As a child I didn’t get an allowance as many of my buddies did because my parents weren’t affluent but, I began earning money early in life from mowing lawns and shoveling snow.  My income was meager however, as they say, it paid the bills.



The bills I’m talking about included school supplies in the form of pencils, pens, paper, notebooks, and milk for lunch.  Milk was 3¢ a carton; chocolate milk was 4¢.



Seems pretty inexpensive however, I was making 50¢ an hour, under the table.



And every so often I found some soft drink bottles carelessly tossed onto neighborhood yards.  I redeemed them at the corner store.  Pint bottles brought 2¢, while quarts fetched a handsome 5¢.  These bonuses were what fed my habit of comic books.



When I had time, I helped Superman fight criminals with his super human abilities.  I knew full well he couldn’t really fly or leap tall buildings.  I also had a tough time trying to figure out why he so enjoyed the company of Lois Lane.



Lois was a colleague of Clark Kent, Superman’s disguise.  He would dash behind a hidden space with a business suit and hat only to emerge as Superman replete with cape but, no glasses.



That quick change transformed Clark so much so that he fooled everyone in town.  Maybe the whole city was just plain stupid.



But the comic book version of Superman was so much more entertaining than the television version.  And, it was in color.  We only had black and white televisions to watch which made theater-of-the-mind important.



Still, Superman was one of the comics I regularly reached for with my pocket full of precious change.  Batman was another hero of mine. And again, this guy and his ward, Robin, fooled all of Gotham City.  Their voices were never a giveaway.  Another metropolitan area full of mind-altering drugs, I guess.



Fast-forward to modern times and too much of these characters have changed, and not for the better.



Superman and Batman both left me and my child-like fantasies of good vs. evil, some years ago.  One controversial story line had these two fictional heroes somehow corrupted and doing battle with one another.



Then, the Batman series of movies, and the Superman television series, and associated spinoffs, have totally bastardized the fantasy of these super-characters to the point of no return.  They are no longer heroes, and the line between good and evil has vanished.

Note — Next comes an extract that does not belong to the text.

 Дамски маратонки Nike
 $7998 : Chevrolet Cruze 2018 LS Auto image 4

The writers seem to have used these franchises as personal playgrounds for their own satisfaction to destroy comic books figures kids looked up to.  In fact, just last week I discovered that according to the New York Post, “Marvel Comics plans to take “disciplinary action” against an artist who slipped political propaganda into a comic book. The comic book giant has been under fire since it was revealed that Indonesian artist Ardian Syaf used Islamist and anti-Semitic verses in the series released on Wednesday, “X-Men Gold #1.” Fans started to point out the hidden messages on social media, prompting Marvel to announce recently that it would pull some of the images, according to Time.

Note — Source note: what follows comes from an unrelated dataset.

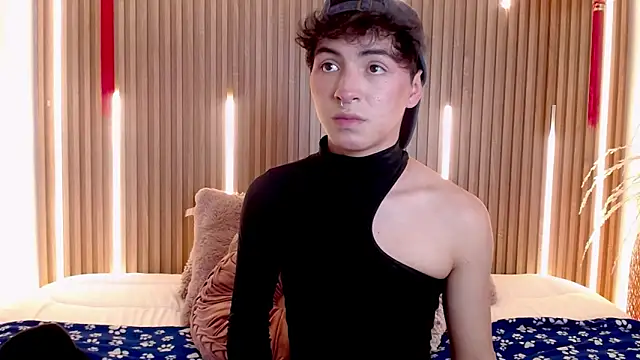 Cristopher_Wild Pertunjukan Webcam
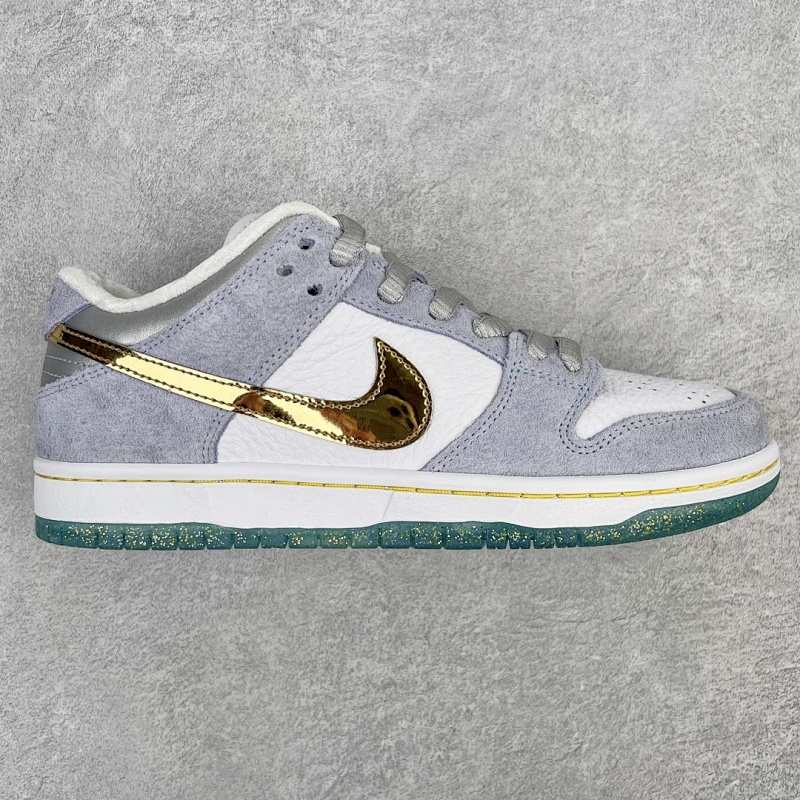 NIKE SNEAKERS (153)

Today, America has little in the way of escapism and it needs some conduit to encourage the youth to want a virtuous side on which to stand.  Indeed, today’s youth have no real heroes, and they seem to fall for anything.



College students love terrorists over President Donald Trump, and they detest America’s police and military in favor of criminals and anarchists.



I’m glad I could experience the comic book characters in their true glory of good and evil where a distinct line could be drawn.  Alas, the good old days.